Current definition: degenerative brain disorder characterized by progressive intellectual and
behavioral deterioration.
Dementia of Alzheimer Type (DAT): symptoms associated with Alzheimer’s disease.
Clinical features:
Key difference with Mild Cognitive Impairment is the ability to function independently.
So: difficulties with daily functioning with IADL or ADL (eating, sleeping, dressing)
Key features: DSM V criteria for major neurocognitive disorders (it does not use the
term dementia) and MCI is referred to as minor neurocognitive disorders.
Criteria for major neurocognitive disorders (DSM V) independently of type!
1. Significant cognitive decline from previous level of performance based on report
patient or informant AND clear objective deficits (>2 SD below appropriate norm
population)
2. Cognitive deficits sufficient to interfere with independence
3. Cognitive deficits do not exclusively occur in context of delirium
4. Cognitive deficits can not be attributed to Axis 1 disorder (e.g., depression or
schizophrenia)
Criteria for Alzheimer’s disease (McKhann et al. 2011):
1. Insidious onset: symptoms develop gradually over months – years
2. Worsening of cognition from report or observation
3. Cognitive impairment in one of two categories:
a. Typical amnestic presentation: most common: main impairment in memory.
b. Nonamnestic or atypical presentation: main impairments in language (e.g.,
word finding difficulties) or executive functioning or visuospatial function
this category is less common and more difficult to diagnose.
c. In both categories: disorders in other cognitive functions should also be
present.
The problem is the diagnosis. A definite diagnosis of AD is only possible post-mortem (once
the person has died):
, Pathologically proven AD because the brain is being examined
o Meets clinical and cognitive criteria probably AD during life
o AD pathology present in brain
Until that time, diagnosis with different degrees of uncertainty: probable, possible. They don’t
speak of definite diagnosis in papers and literature! Until you have a postmortem
confirmation.
Probably AD dementia (more certainty than possible)
Meets the criteria for AD
No evidence for alternative explanations for symptoms
o In particular: no significant cerebrovascular disease that could explain the
cognitive impairment.
Certainty of diagnosis is enhanced by presence of 3 further sources:
o Documented decline: by information or testing. OR
o Presence of biomarkers. OR
o Presence of generic mutations that enhance AD risk
Possible AD dementia (less certainty)
Atypical course. Meets clinical and cognitive criteria, but no evidence/uncertainty of
progressive decline OR
Biomarkers obtained and negative OR
Mixed presentation: clinical and cognitive features of AD, AND evidence of e.g.,
cerebrovascular disease or features of dementia with Lewy Bodies.
Etiology/ Neuropathology
Characteristics neuropathology AD: senile plaques
and neurofibrillary tangles (plaques between nerve
cells and tangles within nerve cells)
What are we looking for in the brain postmortem?
Plaques and tangles.
Neuritic plaques (senile, dendritic, amyloid plaques) –
deteriorating neuronal material surrounding a sticky
protein, amyloid beta (beta amyloid, Abeta, Aβ)
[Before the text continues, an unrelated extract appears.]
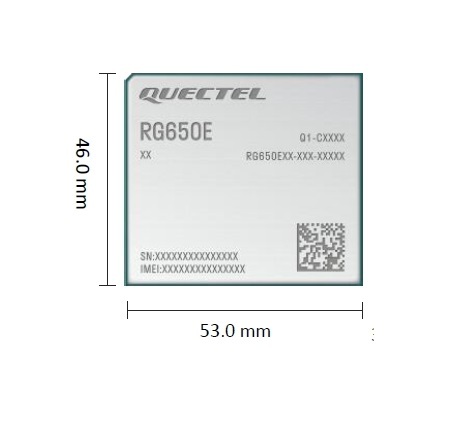 Low price Wireless Quectel 5G module RG650E Series RG650E-EU (Planning) RG650E-NA  RG650V series RG650V-EU  RG650V-NA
Abeta formed when protein (amyloid precursor
protein) folds incorrectly if it folds incorrectly, Abeta
accumulates in the brain and will form plaques. These plaques interfere with the functional
healthy cells and they will eventually die. It is unclear where the process goes wrong in the
first place, that is what is making it so hard to find a drug/medicine.
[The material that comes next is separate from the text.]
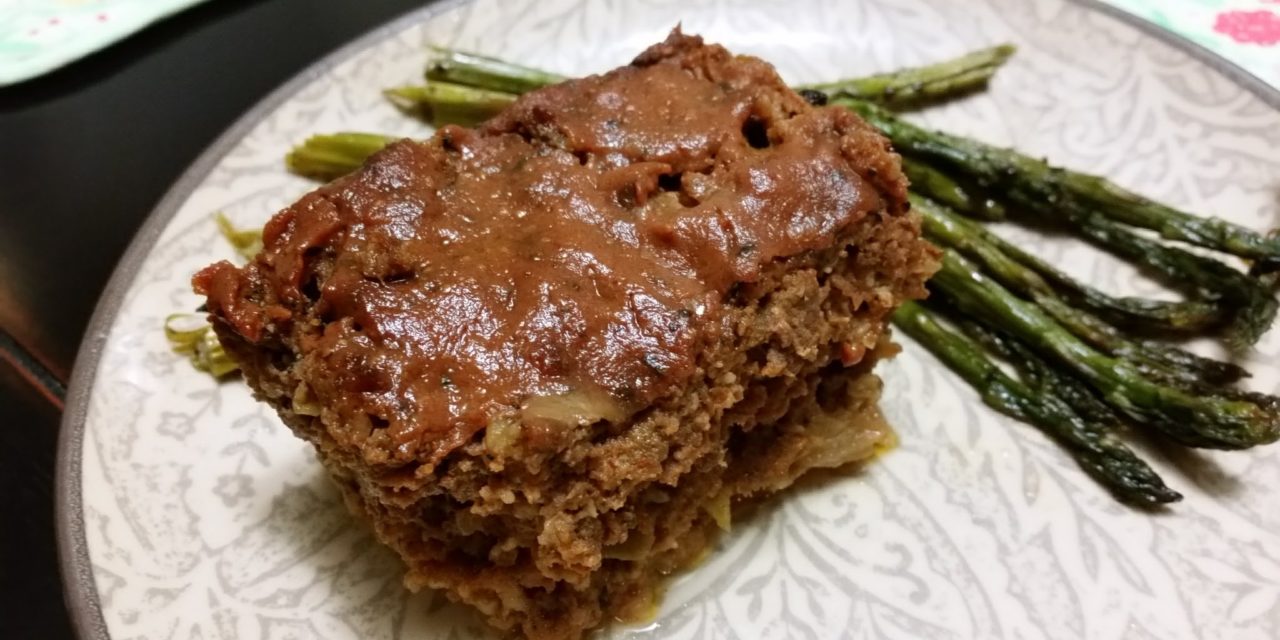 Gluten-Free Traditional Meatloaf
In the AD brain, a group of small peptides (essentially a smaller version of a protein) referred
to as amyloid beta, or Aβ, accumulate outside of neurons in large dense structures called
amyloid plaques. Normally, enzymes called proteases can get rid of unwanted peptides and
proteins. Amyloid plaques, however, are resistant to degradation by proteases – so they
have a tendency to proliferate in the brain as the disease progresses.